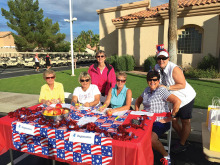 Pictured left to right are Louise Burke, Sheila Junkermeier, Betty Schechter (standing in pink), Nan Atkison and Diane Ehrhardt and Marla Calley at the registration table.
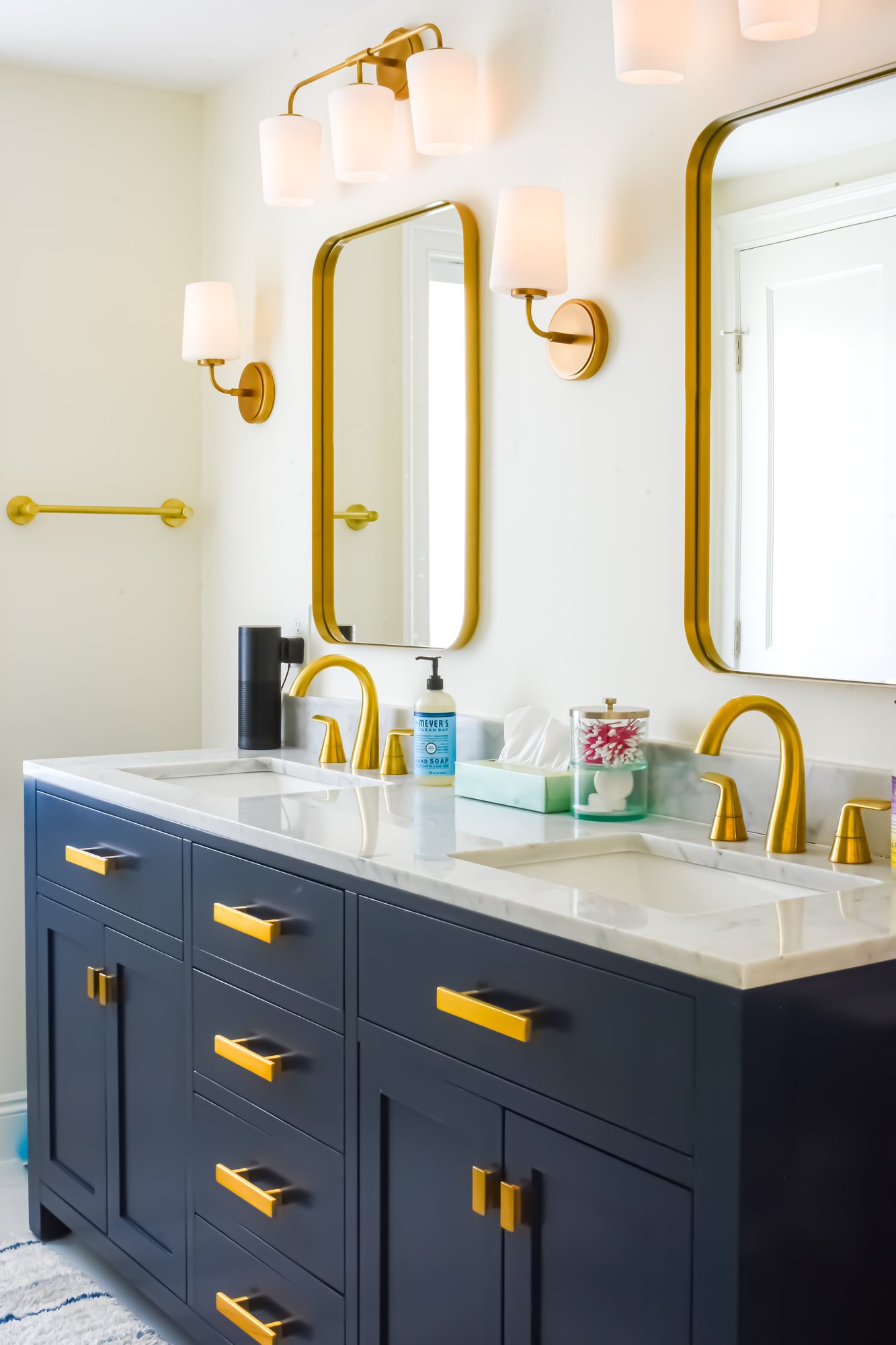 A dual sink blue bathroom vanity with gold rimmed mirrors. 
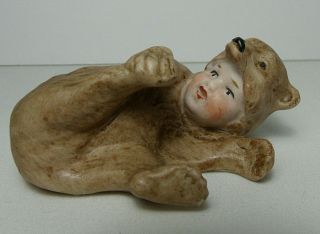Antique German Porcelain Bisque Baby In Bear Suit Figurine Whimsy Miniature 2.  5 "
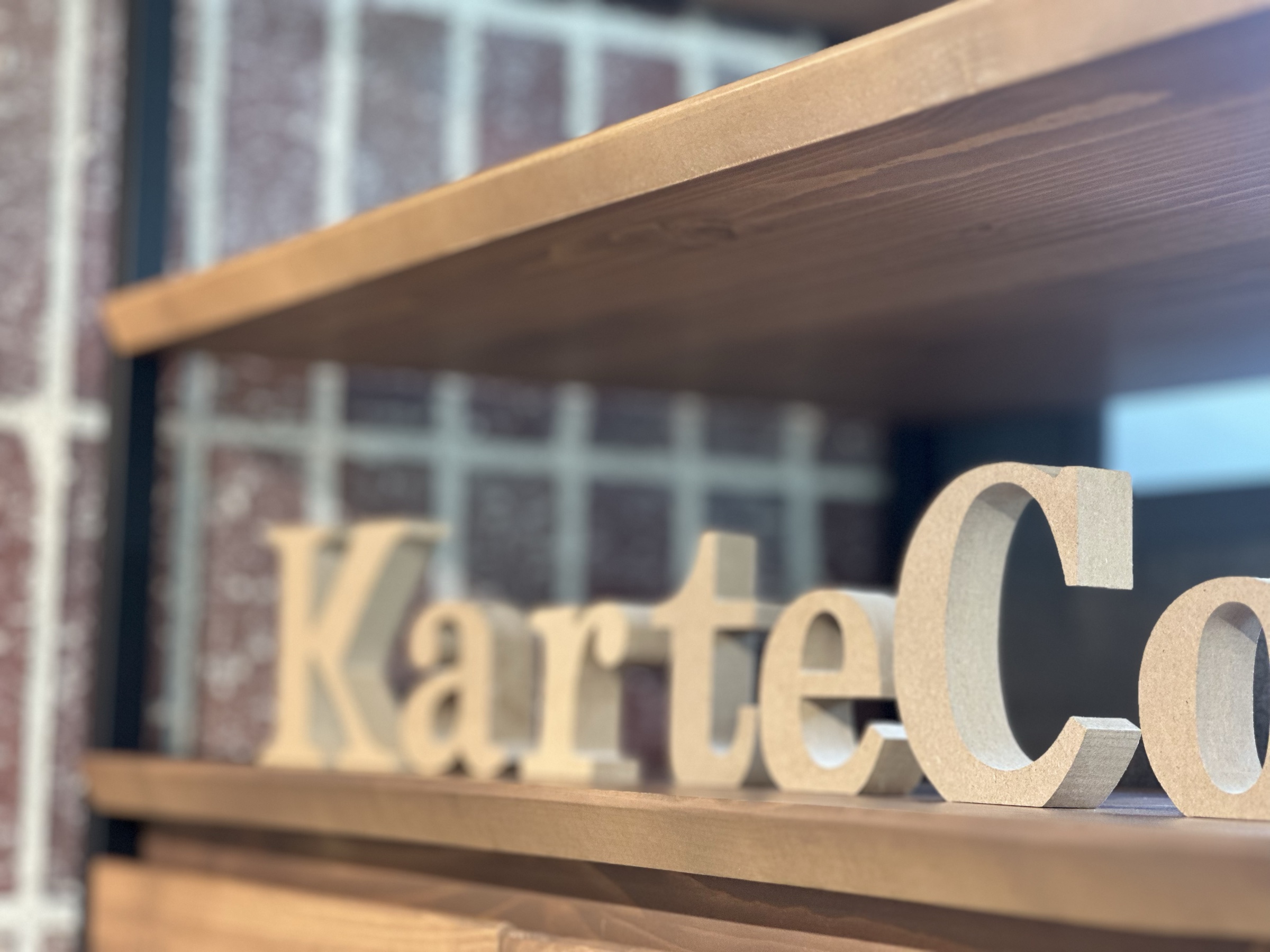Wooden KarteCo lettering on a shelf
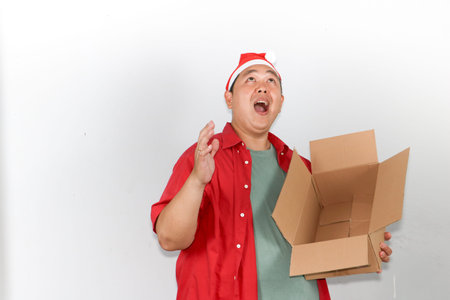 Smiling young asian man celebrating Christmas and New Year while carrying a taped cardboard delivery...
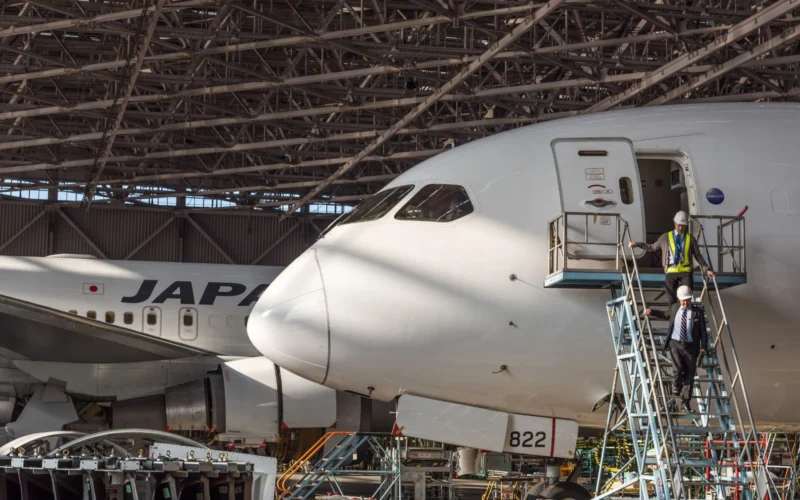 Japan Airlines jet under a metal hangar roof with maintenance workers on a scaffold beside the open door of the forward fuselage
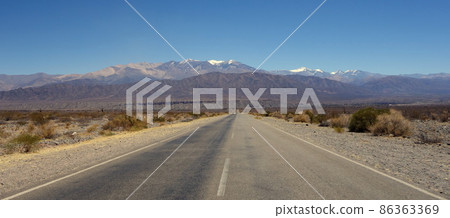 empty road on desert landscape, dry mountainous area, road trip empty road on desert landscape, dry mountainous area, road trip 86363369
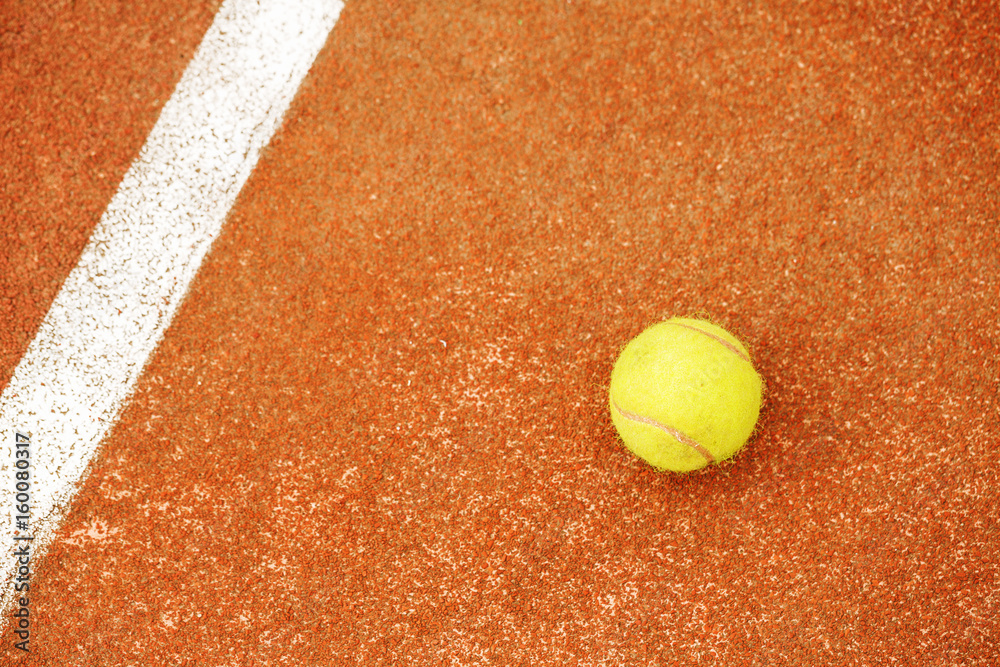 Ball on tennis court background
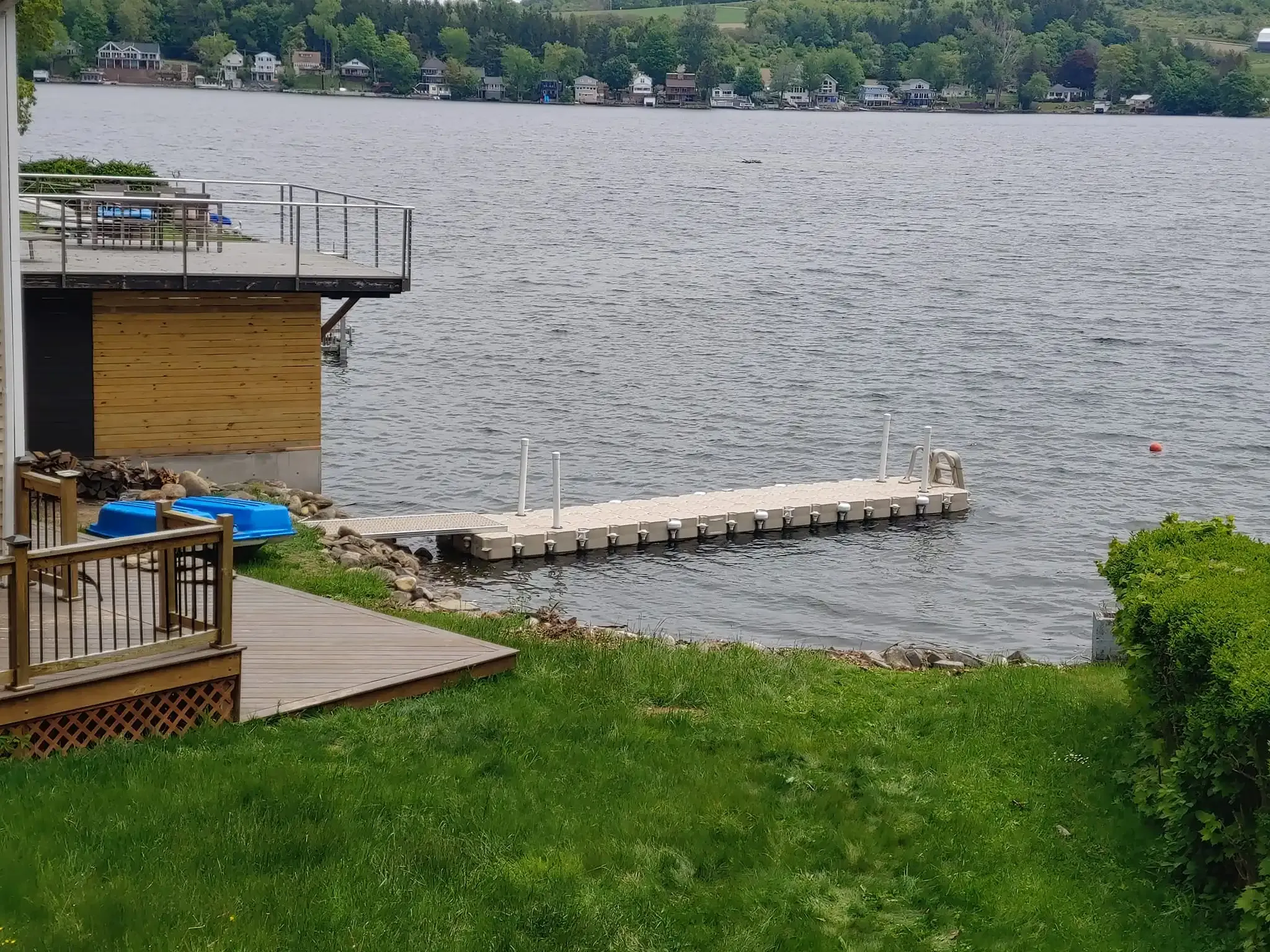 Lakeside dock beside a grassy yard, with rippling water and trees across the shore.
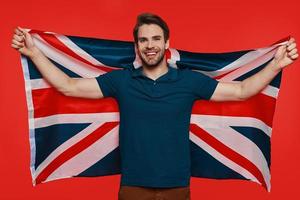 Handsome young man in casual wear carrying British flag and smiling photo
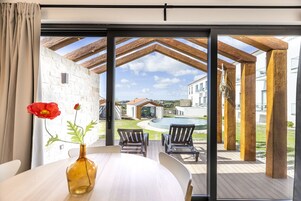 Villa | Living area | 20-cm flat-screen TV with cable channels, TV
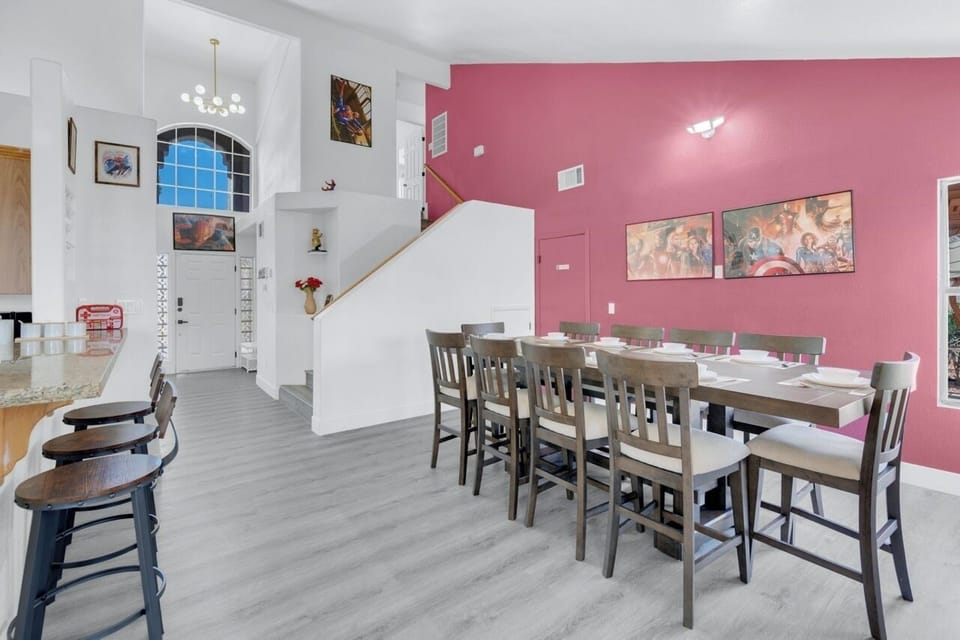 10-seat table, high ceiling, daylit, open access to kitchen and backyard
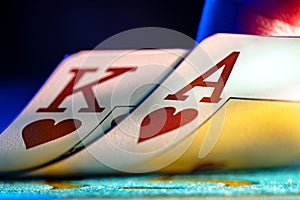 A pair of king and ace of hearts suit playing cards on a blue background of a gaming table in a casino. Close up of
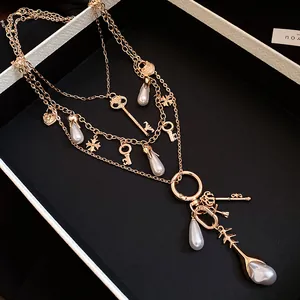 Close-up of multi-layered vintage necklace with gold-toned key and pearl charms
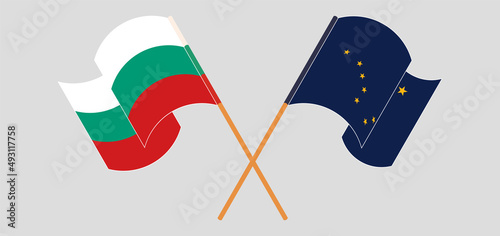 Crossed and waving flags of Bulgaria and the State of Alaska
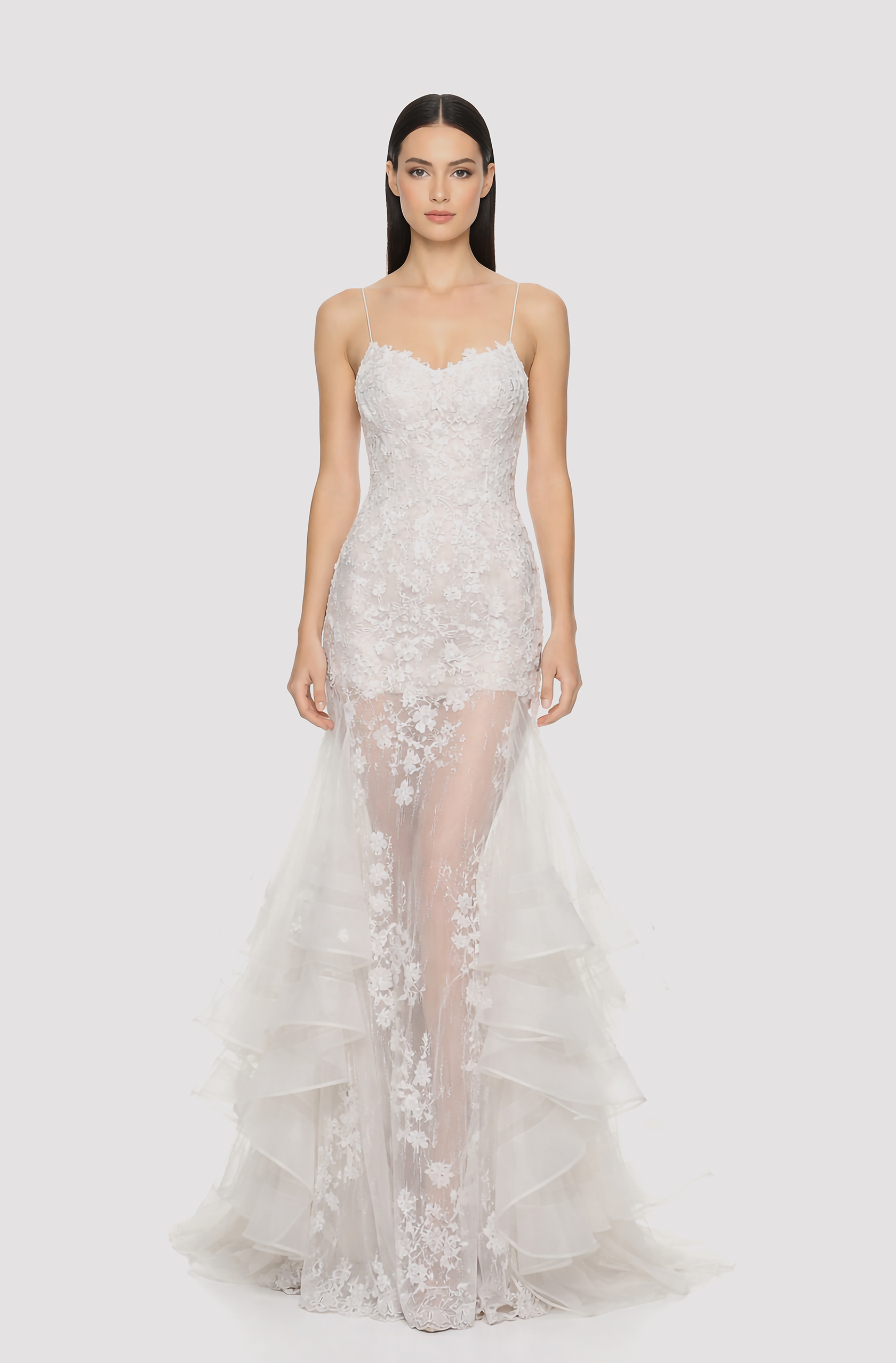 Front view of a woman in an Off-white tulle ruffled mermaid gown embellished with lace applique and 3D flowers 3, image 1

WHAT IS EXPECTED
Without the pictures, return the entries exactly as they appear.

ANSWER TO THE PROBLEM
 Pictured left to right are Louise Burke, Sheila Junkermeier, Betty Schechter (standing in pink), Nan Atkison and Diane Ehrhardt and Marla Calley at the registration table.
 A dual sink blue bathroom vanity with gold rimmed mirrors. 
Antique German Porcelain Bisque Baby In Bear Suit Figurine Whimsy Miniature 2.  5 "
Wooden KarteCo lettering on a shelf
 Smiling young asian man celebrating Christmas and New Year while carrying a taped cardboard delivery...
 Japan Airlines jet under a metal hangar roof with maintenance workers on a scaffold beside the open door of the forward fuselage
 empty road on desert landscape, dry mountainous area, road trip empty road on desert landscape, dry mountainous area, road trip 86363369
 Ball on tennis court background
 Lakeside dock beside a grassy yard, with rippling water and trees across the shore.
 Handsome young man in casual wear carrying British flag and smiling photo
 Villa | Living area | 20-cm flat-screen TV with cable channels, TV
 10-seat table, high ceiling, daylit, open access to kitchen and backyard
 A pair of king and ace of hearts suit playing cards on a blue background of a gaming table in a casino. Close up of
 Close-up of multi-layered vintage necklace with gold-toned key and pearl charms
 Crossed and waving flags of Bulgaria and the State of Alaska
 Front view of a woman in an Off-white tulle ruffled mermaid gown embellished with lace applique and 3D flowers 3, image 1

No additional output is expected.